What is being asked: Return all of the data exactly as written, without the pictures.

Information provided:
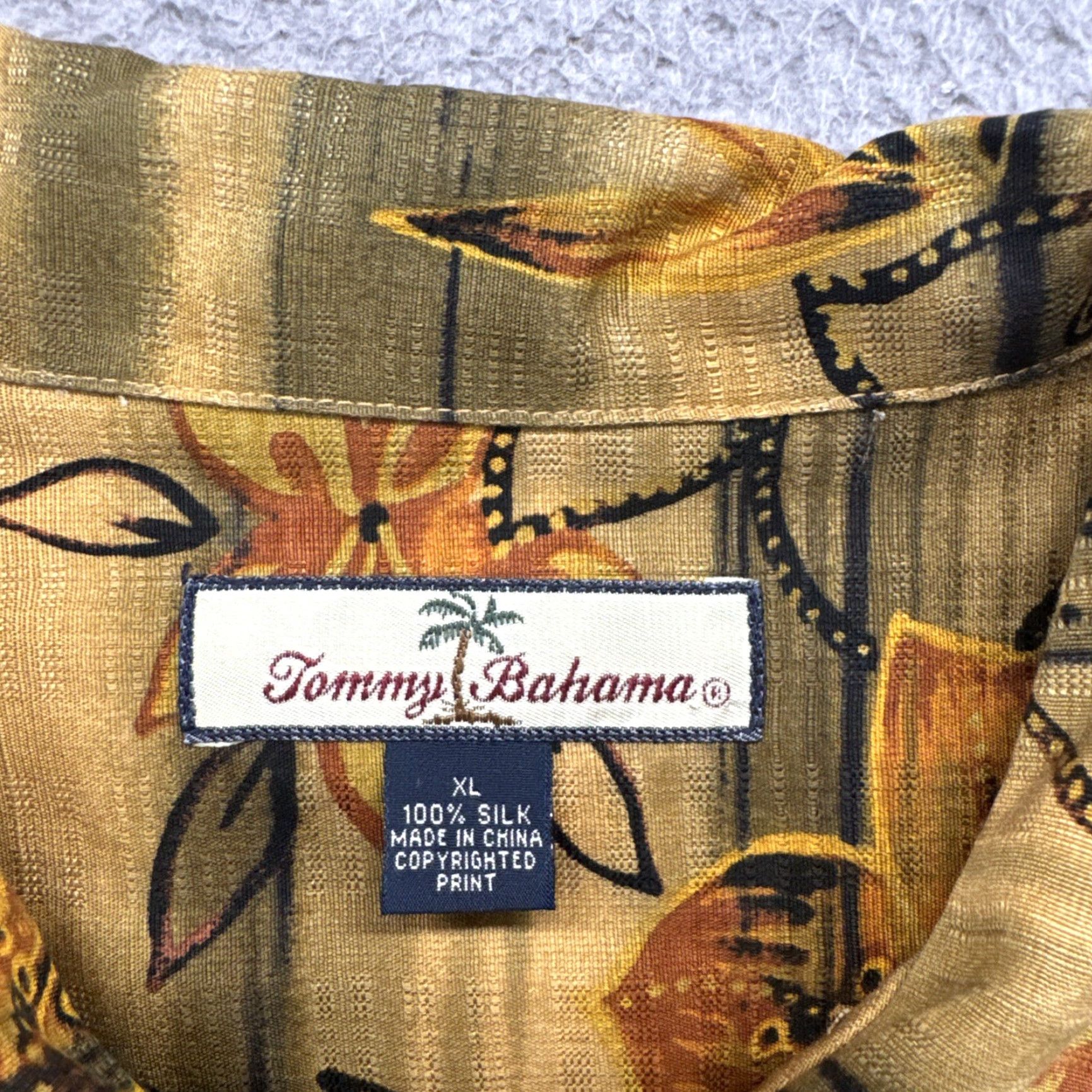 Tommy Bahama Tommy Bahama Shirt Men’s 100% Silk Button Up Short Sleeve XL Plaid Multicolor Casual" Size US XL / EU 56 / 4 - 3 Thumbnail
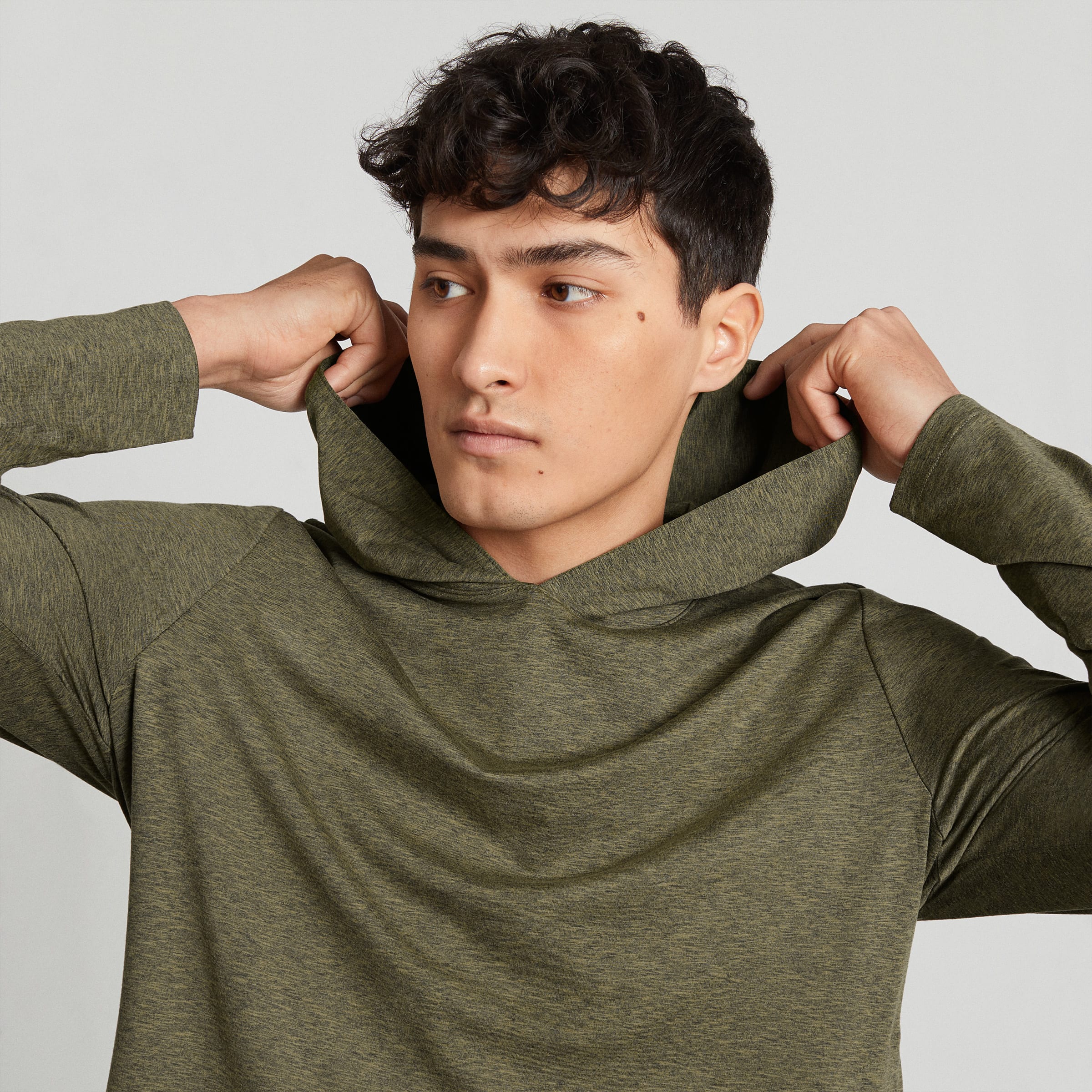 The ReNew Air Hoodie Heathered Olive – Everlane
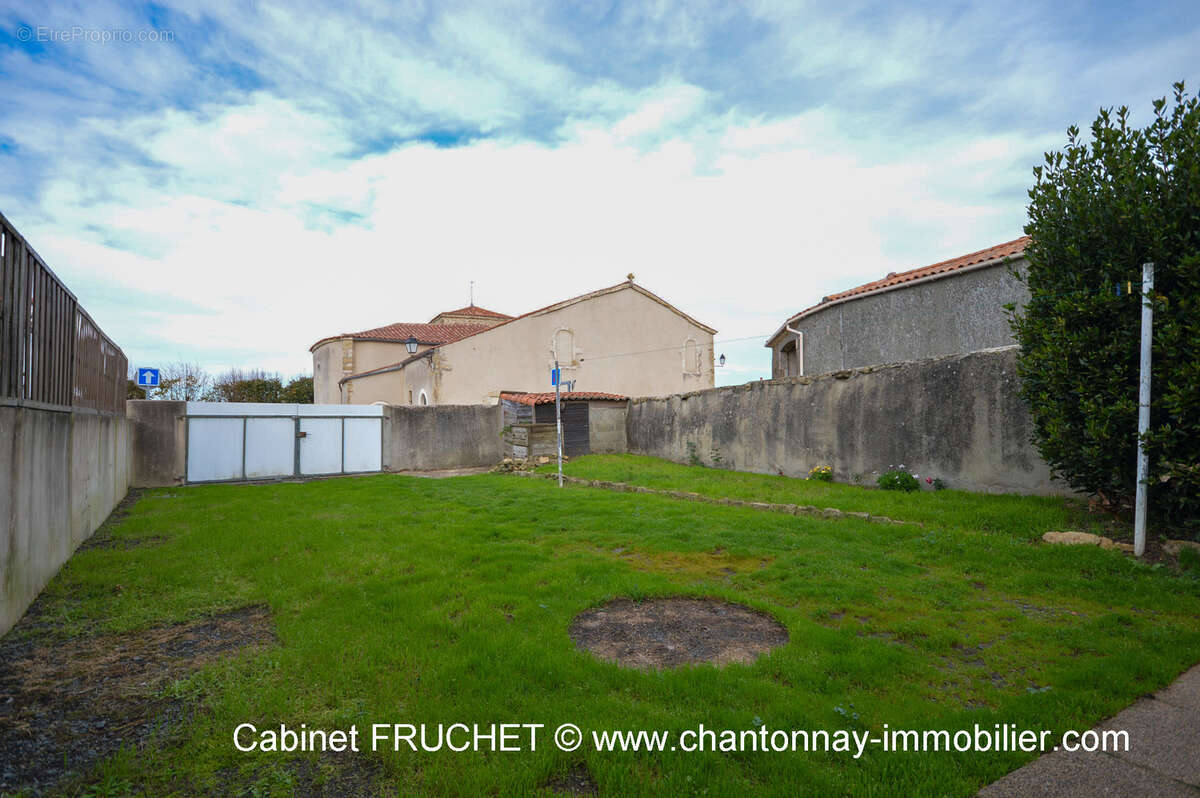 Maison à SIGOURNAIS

Expected output:
 Tommy Bahama Tommy Bahama Shirt Men’s 100% Silk Button Up Short Sleeve XL Plaid Multicolor Casual" Size US XL / EU 56 / 4 - 3 Thumbnail
 The ReNew Air Hoodie Heathered Olive – Everlane
 Maison à SIGOURNAIS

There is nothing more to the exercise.